Implementations and all of the functional operations described in this specification may be realized in digital electronic circuitry, or in computer software, firmware, or hardware, including the structures disclosed in this specification and their structural equivalents, or in combinations of one or more of them. Implementations may be realized as one or more computer program products (i.e., one or more modules of computer program instructions encoded on a computer readable medium for execution by, or to control the operation of, data processing apparatus). The computer readable medium may be a machine-readable storage device, a machine-readable storage substrate, a memory device, a composition of matter effecting a machine-readable propagated signal, or a combination of one or more of them. The term “computing system” encompasses all apparatus, devices, and machines for processing data, including by way of example a programmable processor, a computer, or multiple processors or computers. The apparatus may include, in addition to hardware, code that creates an execution environment for the computer program in question (e.g., code that constitutes processor firmware, a protocol stack, a database management system, an operating system, or any appropriate combination of one or more thereof). A propagated signal is an artificially generated signal (e.g., a machine-generated electrical, optical, or electromagnetic signal) that is generated to encode information for transmission to suitable receiver apparatus.


A computer program (also known as a program, software, software application, script, or code) may be written in any appropriate form of programming language, including compiled or interpreted languages, and it may be deployed in any appropriate form, including as a stand-alone program or as a module, component, subroutine, or other unit suitable for use in a computing environment. A computer program does not necessarily correspond to a file in a file system. A program may be stored in a portion of a file that holds other programs or data (e.g., one or more scripts stored in a markup language document), in a single file dedicated to the program in question, or in multiple coordinated files (e.g., files that store one or more modules, sub programs, or portions of code). A computer program may be deployed to be executed on one computer or on multiple computers that are located at one site or distributed across multiple sites and interconnected by a communication network.


The processes and logic flows described in this specification may be performed by one or more programmable processors executing one or more computer programs to perform functions by operating on input data and generating output. The processes and logic flows may also be performed by, and apparatus may also be implemented as, special purpose logic circuitry (e.g., an FPGA (field programmable gate array) or an ASIC (application specific integrated circuit)).

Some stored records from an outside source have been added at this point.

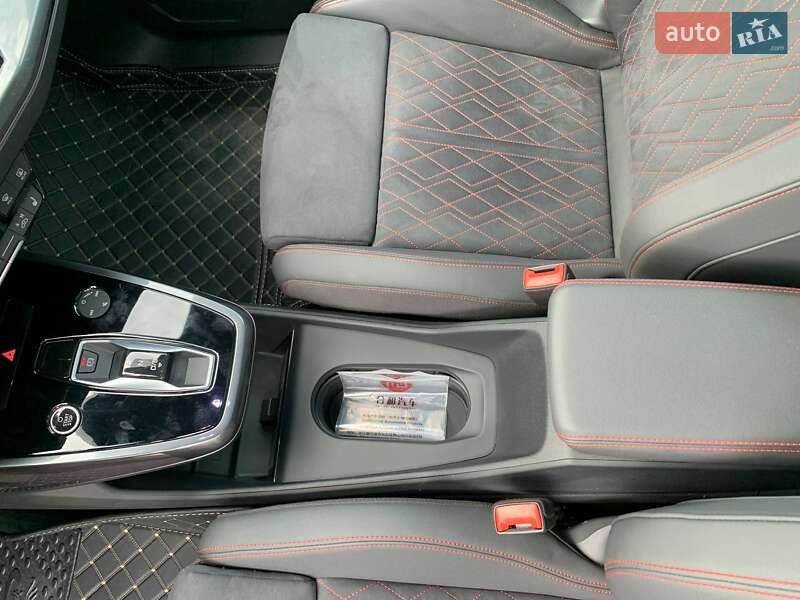 Внедорожник / Кроссовер Audi Q5 e-tron 2022 в Стрые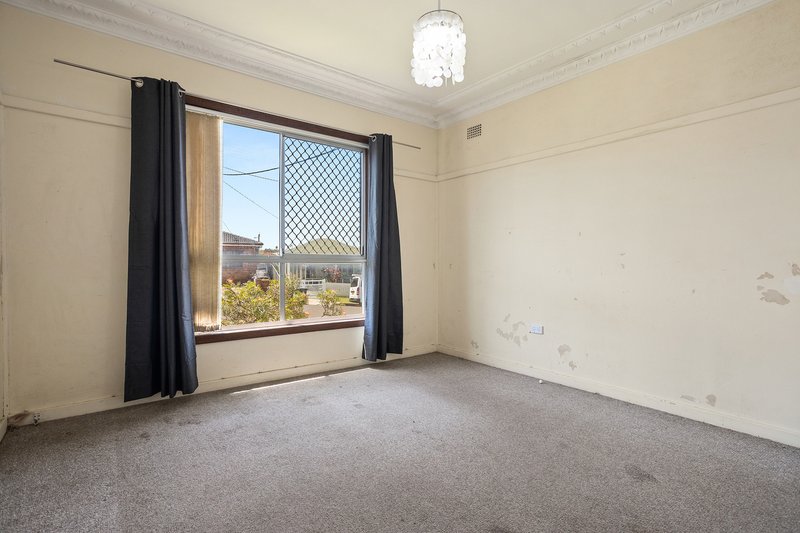 Photo - 203 Wentworth Street, Port Kembla NSW 2505 - Image 3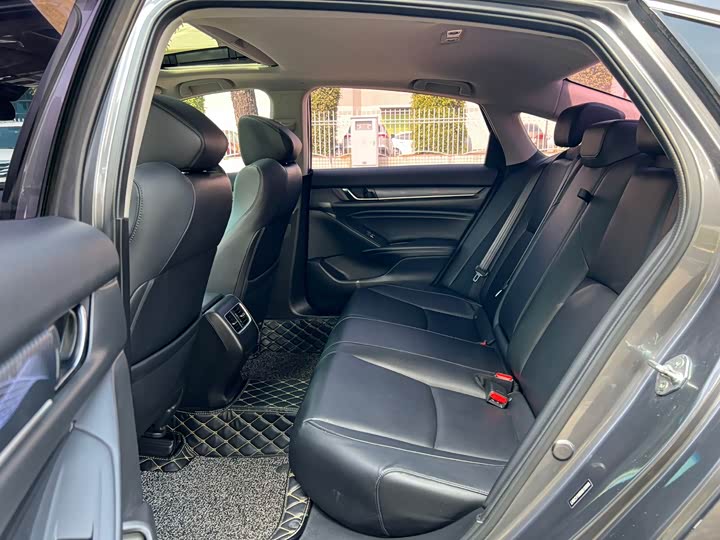 Фото 6 - Honda Accord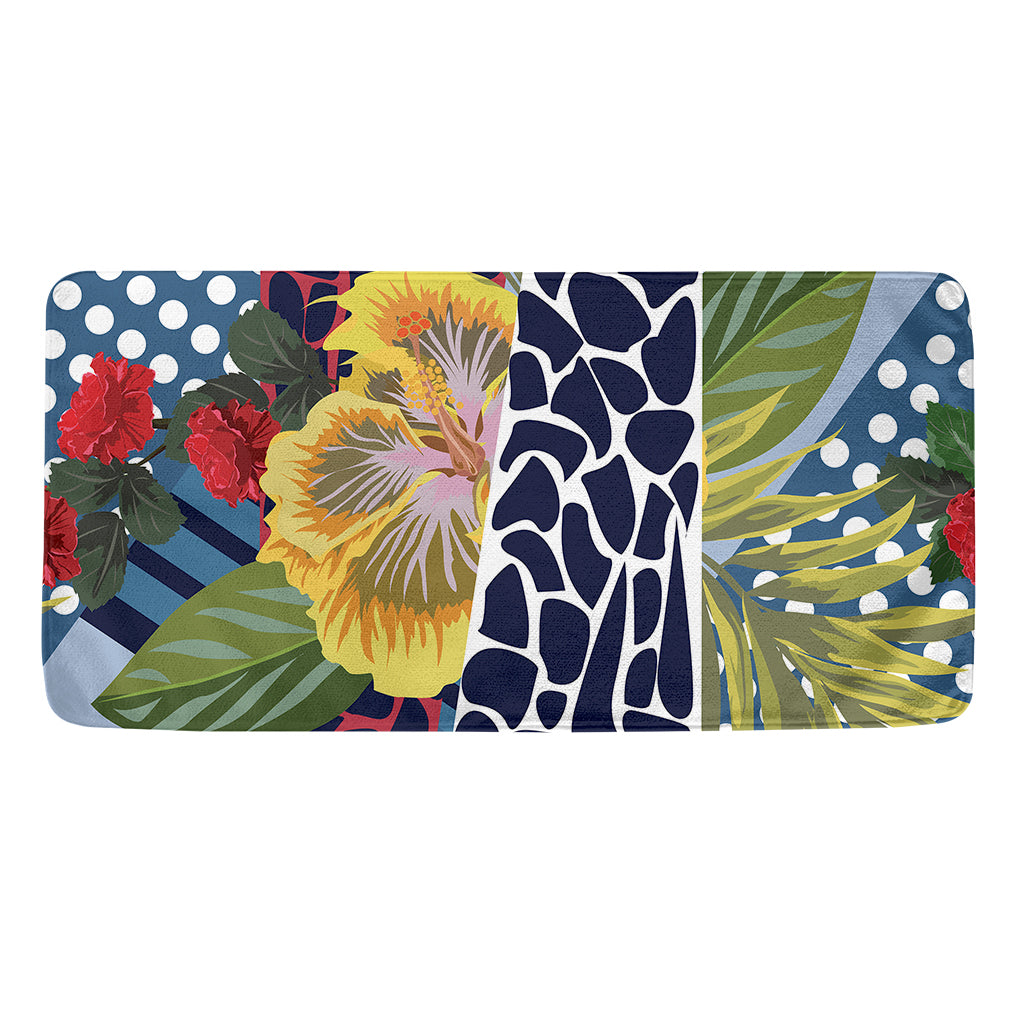 Exotic Patchwork Pattern Print Towel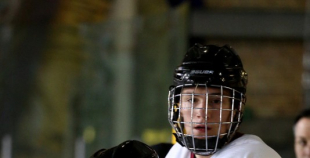 2016 Latvijas hokeja izlases kandidāti uzveic Latvijas jauniešu izlasi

Processors suitable for the execution of a computer program include, by way of example, both general and special purpose microprocessors, and any one or more processors of any appropriate kind of digital computer. Generally, a processor will receive instructions and data from a read only memory or a random access memory or both. Elements of a computer can include a processor for performing instructions and one or more memory devices for storing instructions and data. Generally, a computer will also include, or be operatively coupled to receive data from or transfer data to, or both, one or more mass storage devices for storing data (e.g., magnetic, magneto optical disks, or optical disks). However, a computer need not have such devices. Moreover, a computer may be embedded in another device (e.g., a mobile telephone, a personal digital assistant (PDA), a mobile audio player, a Global Positioning System (GPS) receiver). Computer readable media suitable for storing computer program instructions and data include all forms of non-volatile memory, media and memory devices, including by way of example semiconductor memory devices (e.g., EPROM, EEPROM, and flash memory devices); magnetic disks (e.g., internal hard disks or removable disks); magneto optical disks; and CD ROM and DVD-ROM disks. The processor and the memory may be supplemented by, or incorporated in, special purpose logic circuitry.

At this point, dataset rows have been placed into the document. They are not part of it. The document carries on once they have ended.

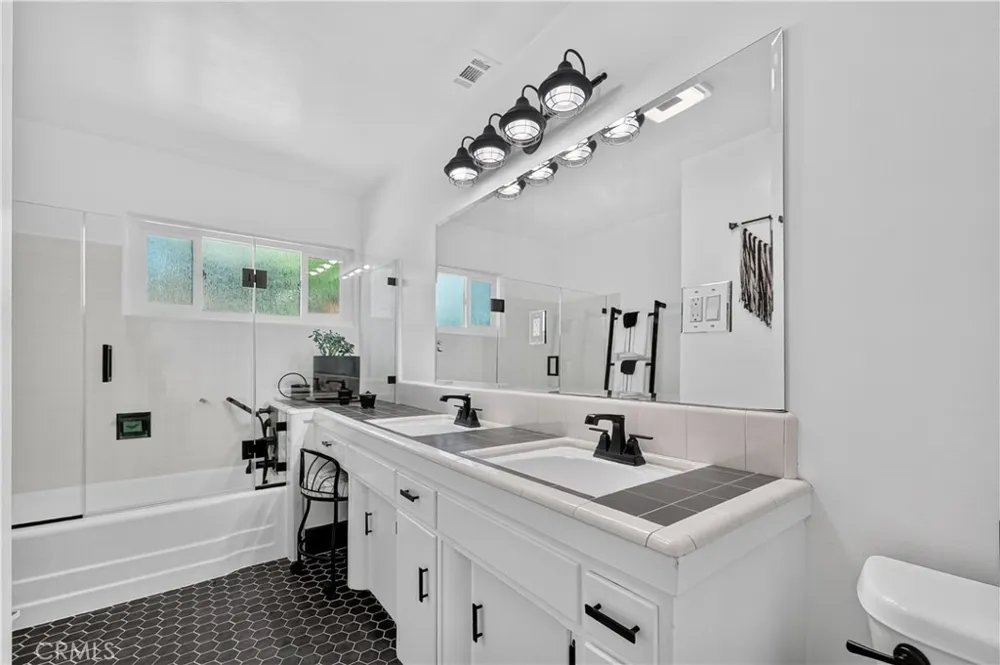 1102 Randall Avenue La Habra, CA 90631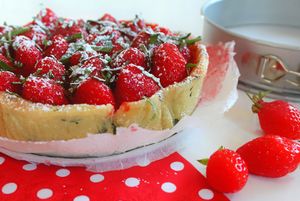 Tarte Sablée aux Fraises des Bois et Basilic
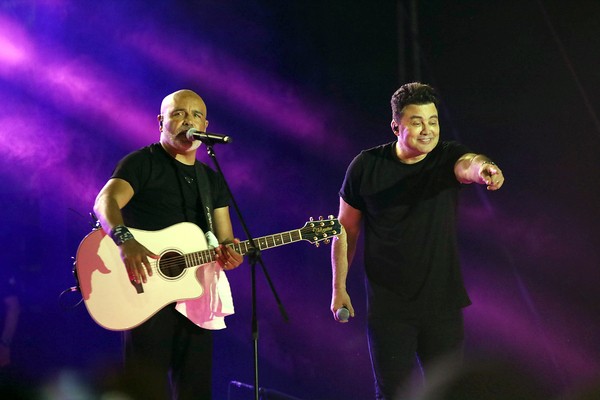 Show de Rick e Renner reúne 10 mil em homenagem às mães em Hortolândia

To provide for interaction with a user, implementations may be realized on a computer having a display device (e.g., a CRT (cathode ray tube), LCD (liquid crystal display) monitor) for displaying information to the user and a keyboard and a pointing device (e.g., a mouse, a trackball, a touch-pad), by which the user may provide input to the computer. Other kinds of devices may be used to provide for interaction with a user as well; for example, feedback provided to the user may be any appropriate form of sensory feedback (e.g., visual feedback, auditory feedback, tactile feedback); and input from the user may be received in any appropriate form, including acoustic, speech, or tactile input.

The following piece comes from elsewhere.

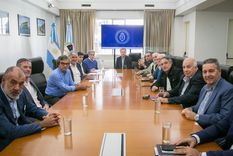 Los empresarios de colectivos se reunieron con el Gobierno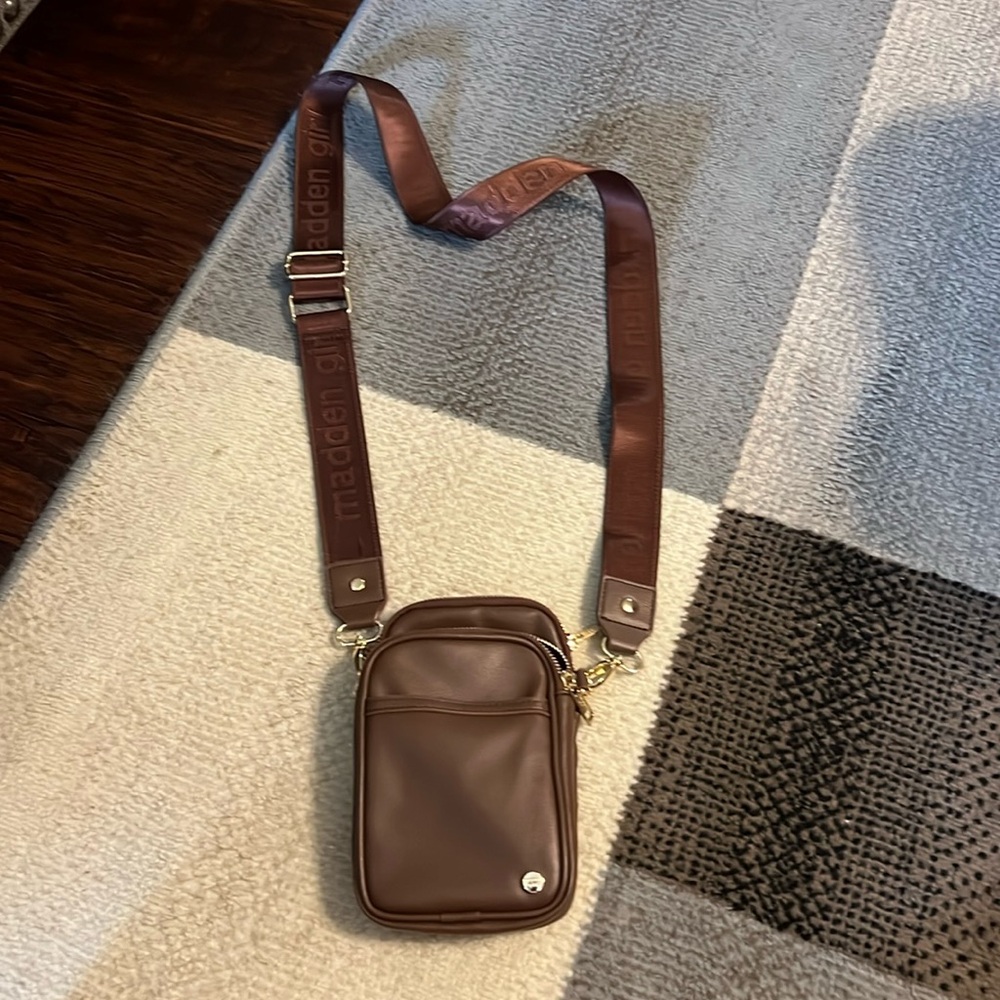 Steve Madden bag.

Implementations may be realized in a computing system that includes a back end component (e.g., as a data server), a middleware component (e.g., an application server), and/or a front end component (e.g., a client computer having a graphical user interface or a Web browser, through which a user may interact with an implementation), or any appropriate combination of one or more such back end, middleware, or front end components. The components of the system may be interconnected by any appropriate form or medium of digital data communication (e.g., a communication network). Examples of communication networks include a local area network (“LAN”) and a wide area network (“WAN”), e.g., the Internet.


The computing system may include clients and servers. A client and server are generally remote from each other and typically interact through a communication network. The relationship of client and server arises by virtue of computer programs running on the respective computers and having a client-server relationship to each other.


While this specification contains many specifics, these should not be construed as limitations on the scope of the disclosure or of what may be claimed, but rather as descriptions of features specific to particular implementations. Certain features that are described in this specification in the context of separate implementations may also be implemented in combination in a single implementation. Conversely, various features that are described in the context of a single implementation may also be implemented in multiple implementations separately or in any suitable sub-combination. Moreover, although features may be described above as acting in certain combinations and even initially claimed as such, one or more features from a claimed combination may in some cases be excised from the combination, and the claimed combination may be directed to a sub-combination or variation of a sub-combination.


Similarly, while operations are depicted in the drawings in a particular order, this should not be understood as requiring that such operations be performed in the particular order shown or in sequential order, or that all illustrated operations be performed, to achieve desirable results. In certain circumstances, multitasking and parallel processing may be advantageous. Moreover, the separation of various system components in the implementations described above should not be understood as requiring such separation in all implementations, and it should be understood that the described program components and systems may generally be integrated together in a single software product or packaged into multiple software products.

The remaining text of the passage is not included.